Regardless, working on this site continues to be educational, particularly in when it comes to learning from my mistakes. (Whenever I think of that expression, I am reminded of the Peanuts strip where Charlie Brown says something along the lines of, "If it is true that you really learn from your mistakes, that makes me the smartest person in the world.")

I chronicle much of what I experience as it happens on VarLinux.org. But for the sake of my LinuxWorld readers and VarLinux.org readers alike, and to dispel any notion that I'm a master programmer, I will condense some of the most important lessons here. I've got reams of lessons I've learned regarding MySQL, Apache, and other pieces of the site, but I'll start with some of the places where I stumbled (or had to deal with the undesirable coding practices of others) while using PHP.

PHP lesson number 1

First, if you program in PHP, always use echo "text, variables, and html goes here"; instead of interspersing HTML and other displayed text with PHP commands. In other words, every ".php" file should begin with "<?php" and end with "?>" and never break away from PHP programming mode anywhere in-between.

This is the opposite of the way people tend to get started with PHP. They take their HTML files and insert some PHP commands here and there as necessary, breaking away from the HTML when they need the functionality PHP provides.

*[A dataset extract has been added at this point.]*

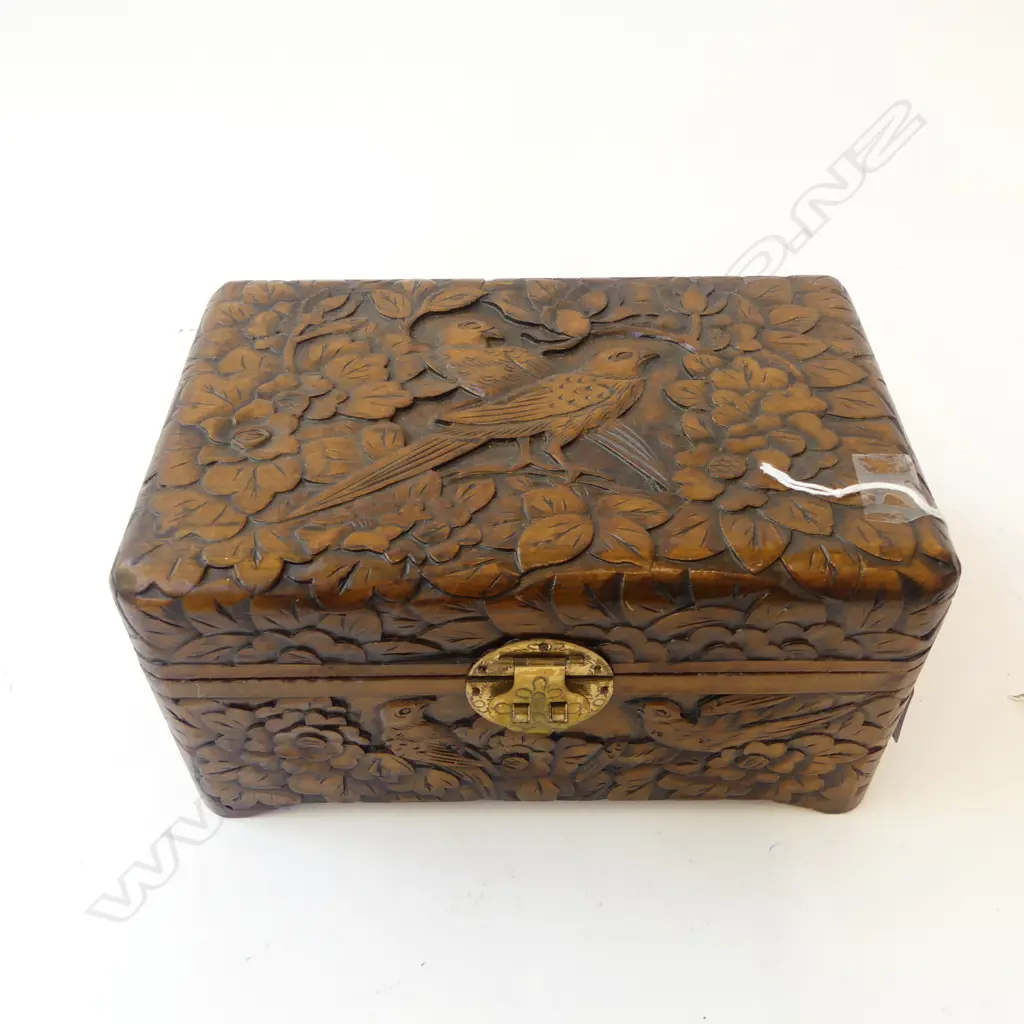 SMALL CAMPHOR WOOD L220MM WITH CONTENTS COSTUME JEWELERY Image 1++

Even though that seems like a sensible way to get started, take my advice, even if you want to create a project based on existing HTML files. Wrap your existing HTML in echo statements, even though this means you'll have the tedious job of making sure all your double-quotes are preceded by a backslash. In other words, this...

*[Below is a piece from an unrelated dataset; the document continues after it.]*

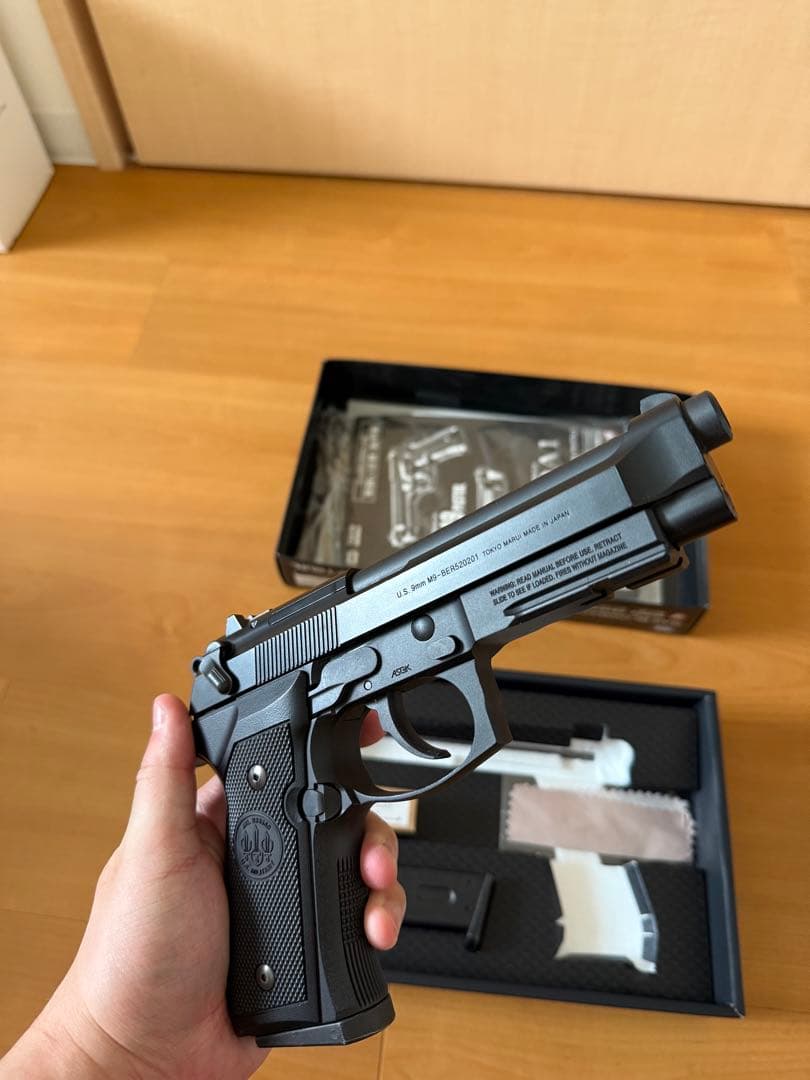 東京マルイ M9A1 ガスブローバック 純正マガジン2個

<A HREF="http://wherever.domain">link text</A>

converts to...

echo "<A HREF=\"http://wherever.domain\">link text</A>";

The same goes for every other instance where quotes exist in your HTML. And remember that if you want your HTML to conform to the w3c standard, there are many places where you need to use quotes even if you can get away without using them. Most browsers aren't picky about such things these days, so it is tempting to leave out quotes where the HTML specification says you should use them. I'm a standards kinda guy, so I say use them just because you are supposed to use them.

I wouldn't be surprised if I hear from PHP programmers who tell me the above practice will have a negative affect on performance. It may, it may not. I have no idea, because I don't know how much overhead (if any) you are adding to your site when you make the PHP module parse echo statements rather than pass plain HTML through to Apache. But after having modified the code for VarLinux.org for the past couple of months, I can tell you it is a whole lot easier to maintain a site when you assume everything on the page is PHP. Use echo to send HTML to the browser.

Just one more note to satisfy the PHP gurus who are no doubt breaking out in a rash due to my focus on the echo command alone. It's true there's more to life in PHP than echo. For example, as you learn PHP, you'll find you don't need to use echo for every line of HTML. You can accumulate multiple lines, assign them to variables, use printf formatting, and then echo that output, for example. And you can use things like output buffers to play tricks and make your site more efficient (see the command ob_start() in the PHP documentation for an introduction to this technique).

My point is your should stay in PHP from start to finish if you want to make it easier to maintain your site down the road.

Stupid PHP trick number 1

In addition, make sure there are no blank lines above or below these two PHP opening and closing tag markers, "<?php" and "?>", respectively. If you follow this rule as well as the one about never breaking away from PHP, your server will never send anything to a visiting browser unless you have instructed it to.

This is extremely important if you ever expect to use cookies or redirect a visiting browser to a new location. If the PHP compiler/interpreter sees a blank line in a file outside of any PHP tags, it assumes it should send the blank line(s) to Apache immediately.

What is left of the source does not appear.